(Your objective) Retype every line from the start of the entries below down to the line with "Palestinian members of", both ends included; skip the pictures.
Start of Records to use
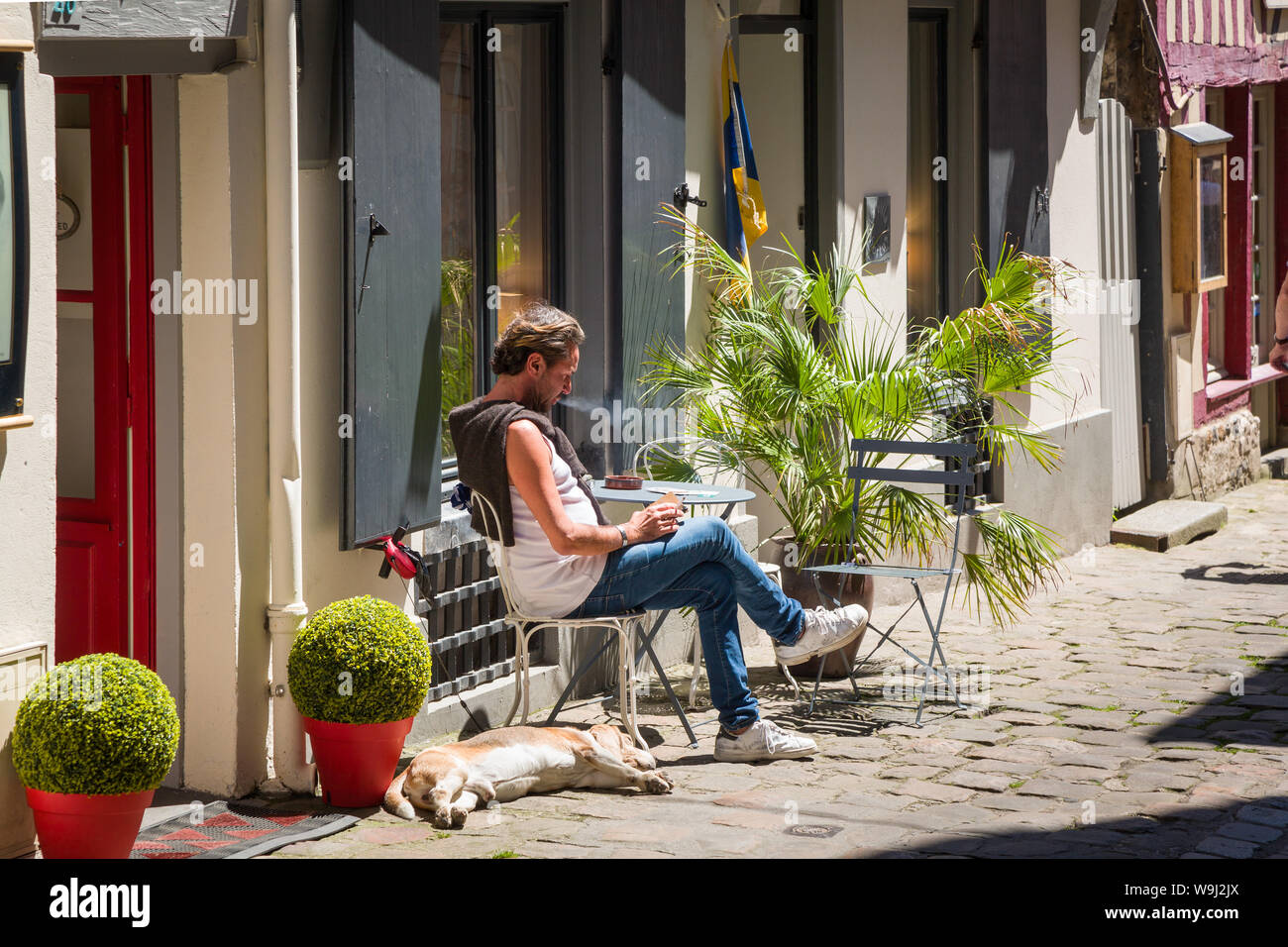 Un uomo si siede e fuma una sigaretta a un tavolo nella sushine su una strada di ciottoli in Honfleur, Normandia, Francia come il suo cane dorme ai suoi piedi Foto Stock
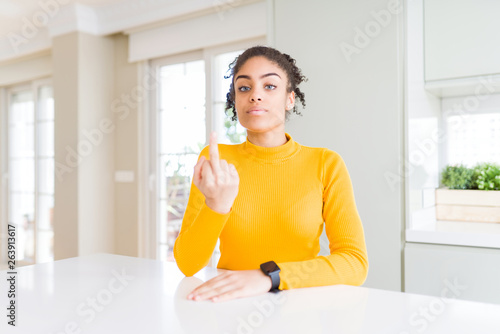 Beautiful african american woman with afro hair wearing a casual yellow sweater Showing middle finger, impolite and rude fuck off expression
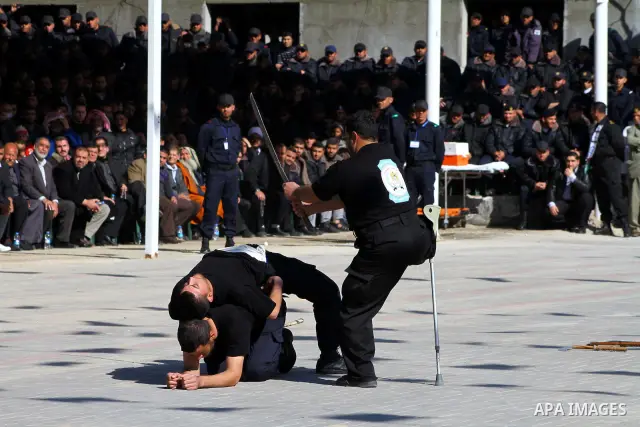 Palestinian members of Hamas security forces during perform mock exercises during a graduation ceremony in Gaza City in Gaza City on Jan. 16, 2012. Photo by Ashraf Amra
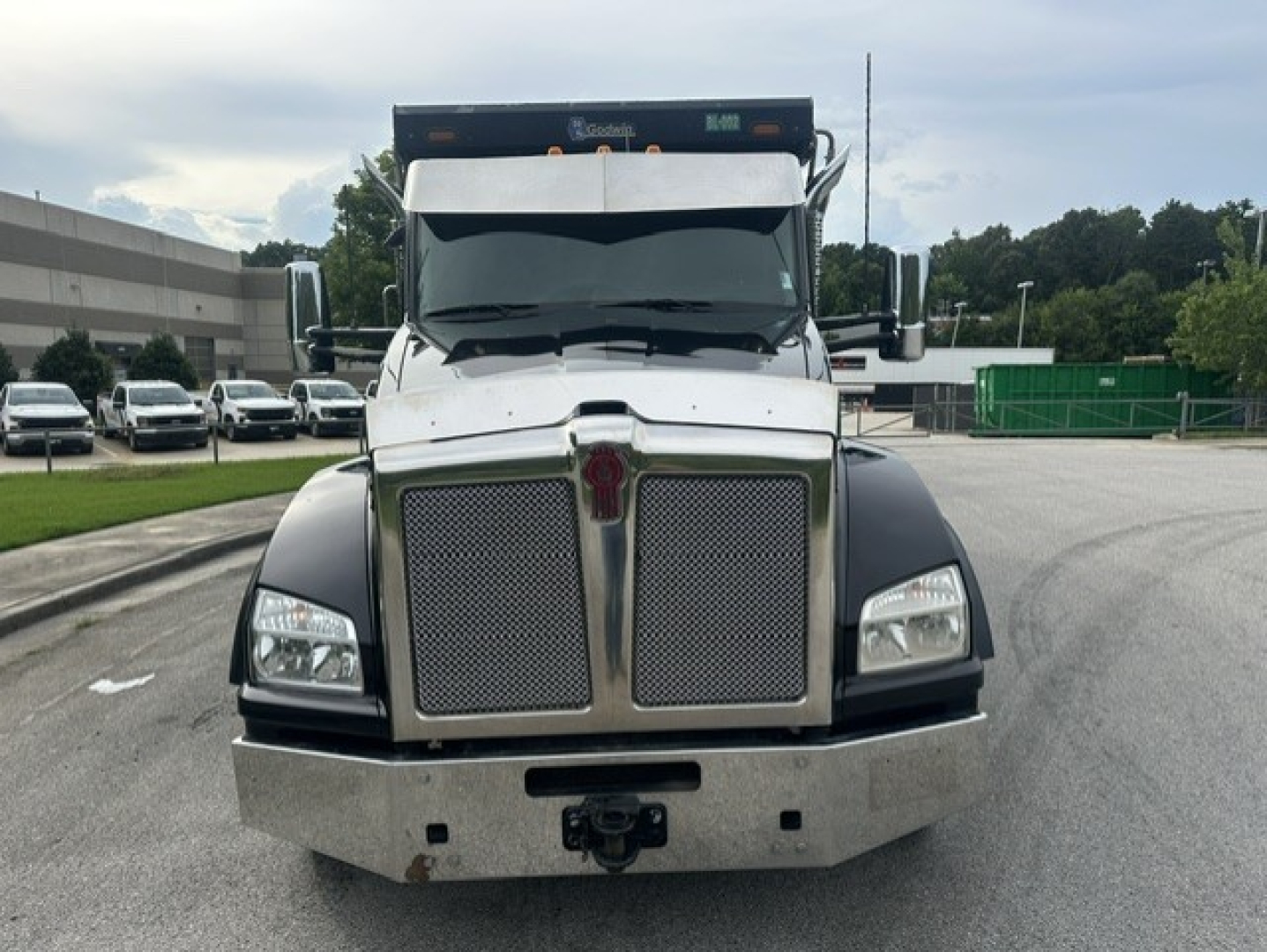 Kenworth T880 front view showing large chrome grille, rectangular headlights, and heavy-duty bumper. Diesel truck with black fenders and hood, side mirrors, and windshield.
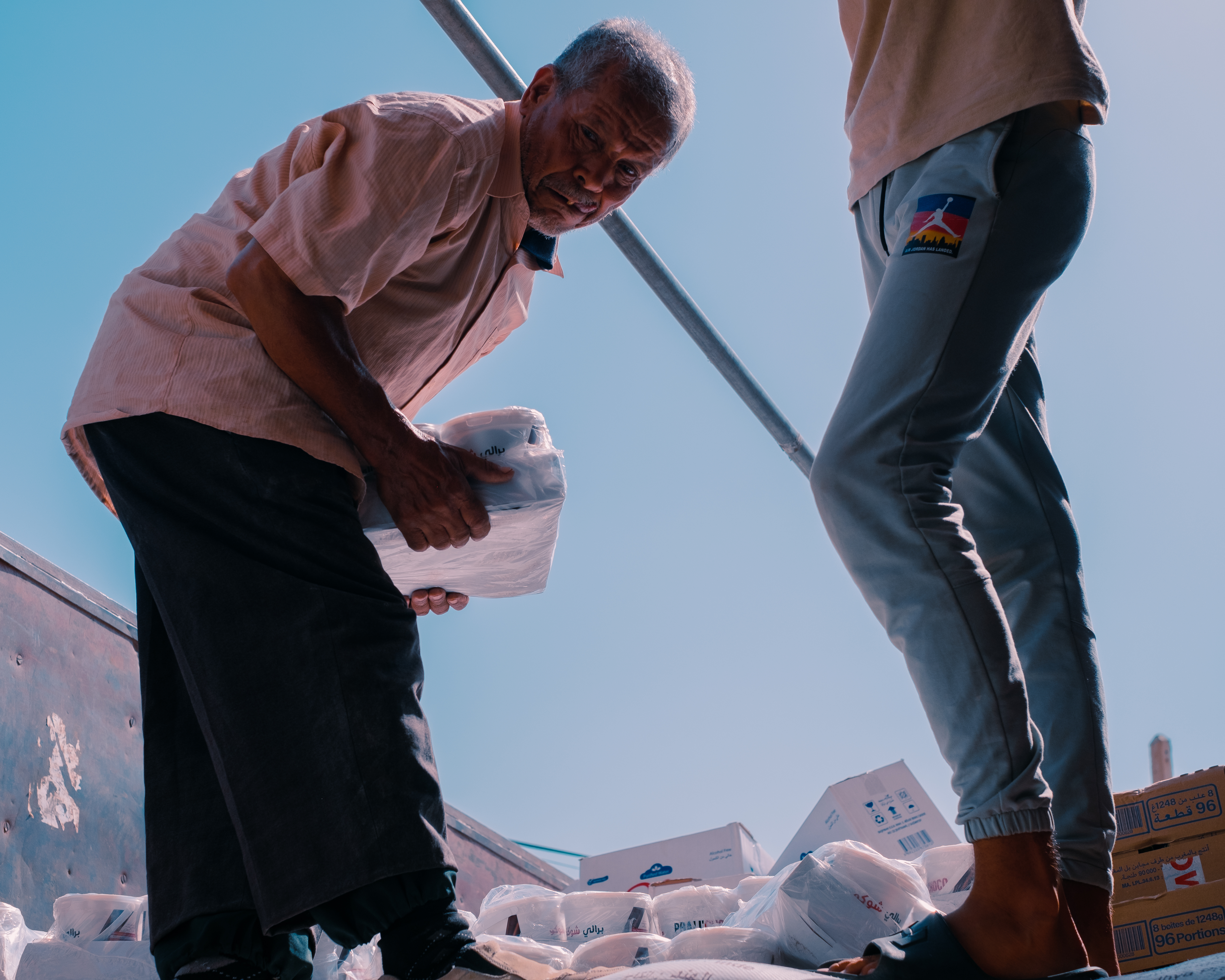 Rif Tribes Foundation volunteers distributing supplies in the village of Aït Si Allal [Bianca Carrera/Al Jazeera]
End of Records to use
(Task answer)
 Un uomo si siede e fuma una sigaretta a un tavolo nella sushine su una strada di ciottoli in Honfleur, Normandia, Francia come il suo cane dorme ai suoi piedi Foto Stock
 Beautiful african american woman with afro hair wearing a casual yellow sweater Showing middle finger, impolite and rude fuck off expression
 Palestinian members of Hamas security forces during perform mock exercises during a graduation ceremony in Gaza City in Gaza City on Jan. 16, 2012. Photo by Ashraf Amra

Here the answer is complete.